An Musikern wie Jarle Bernhoft lässt sich aufzeigen, wie wichtig Konzerte für die aktuelle Popmusik geworden sind. Das Geschäft mit Tonträgern schwächelt dauerhaft. Auch bezahlte Downloads sind keine Lösung. Der Event-Betrieb dagegen boomt. Live-Erlebnisse lassen sich nicht runterladen, wobei auch hier der Konkurrenzdruck enorm ist. Noch nie hat es so viele Sommerfestivals gegeben wie in diesem Jahr. Junge Bands spielen oft jahrelang für den sprichwörtlichen Kasten Bier. Dennoch ist das Touren zur einzigen verlässlichen Währung für aufstrebende Newcomer wie Jarle Bernhoft geworden. Die Rückkehr des Troubador im digitalen Zeitalter.

"Ich habe Ende der Neunziger im sehr überschaubaren Underground von Oslo begonnen", erzählt Barnhoft. "Wir spielten in Mini-Clubs, von 50 Zuschauern standen dort 31 auf der Gästeliste. Norwegen selbst gibt ja für hoffnungsvolle Talente nicht viel her. Du musst so schnell wie möglich raus aus dem Land. Nur wie? Bei einem Auftritt in Bodö oberhalb des Polarkreises, einer Stadt mit rund 40.000 Einwohnern, haben wir aus Frust und Übermut ein Hotelzimmer als Designer-Aktion zerlegt. Keine sinnlose Gewalt, sondern fein säuberlich mit Elektro-Schraubzieher und Werkzeug. Am Ende haben wir dann alle Einzelteile im Raum drapiert. Eine Installation, die der Hoteldirektor weniger lustig fand."

Jarle Bernhoft betrachtet den oft nervenden Tourbetrieb wie ein Reiseschriftsteller des 19. Jahrhunderts. Was unter Popmusikern eher eine Ausnahme-Erscheinung ist. Er gehört jedenfalls nicht zu der Kategorie, die abgeschottet auf ihrem Hotelzimmer herumsitzen, Playstation spielen und gar nicht wissen, in welcher Stadt sie gerade sind. "Flüsse etwa inspirieren mich", erzählt er. "In Wien bin ich extra zum Donauufer gepilgert und war etwas enttäuscht, dass sie dort so unspektakulär an der Stadt vorbeifließt.

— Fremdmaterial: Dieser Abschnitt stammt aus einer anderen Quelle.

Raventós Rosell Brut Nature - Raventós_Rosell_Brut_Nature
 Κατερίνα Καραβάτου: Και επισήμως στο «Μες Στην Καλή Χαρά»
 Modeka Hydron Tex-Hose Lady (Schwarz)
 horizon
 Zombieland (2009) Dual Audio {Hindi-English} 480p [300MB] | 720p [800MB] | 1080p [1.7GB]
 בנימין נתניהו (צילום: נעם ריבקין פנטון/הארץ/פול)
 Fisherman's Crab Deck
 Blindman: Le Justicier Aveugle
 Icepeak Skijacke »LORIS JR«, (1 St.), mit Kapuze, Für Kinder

Regensburg mit seiner Steinbrücke über die Donau und dem mittelalterlichen Panorama dagegen entsprach genau meiner Vorstellung eines Reiseerlebnisses. Und auch die Würste dort."

Bernhoft kann genauso vom Rhein und ähnlich mystisch aufgeladenen Orten parlieren. "Es gibt da keine direkte Verbindung zu meiner Musik. Doch wer heute mit Pop noch etwas erreichen will, muss sich für viele Dinge interessieren. Auch außerhalb des eigenen Genres. Sonst stumpft man ab, bevor es überhaupt los geht." Und so schwelgt Jarle Bernhoft als Musterbeispiel des modernen Reisenden in Sachen Musik von New York ("Trotz der fiesen Null-Toleranz-Politik, die gerade im kreativen Bereich viel zerstört hat, eine meiner Traumstädte!") zum Bauhaus nach Dessau, wo er sich am Rande eines TV-Auftritts fürs ZDF eine extra Führung geben ließ. "Es war faszinierend zu sehen, dass in dieser Provinzstadt die Wiege des Wolkenkratzers und des International Styles der Architektur gestanden hat." Eine seltene Symbiose von Reisen und Musik, von der in Zukunft sicher noch viel zu hören sein wird.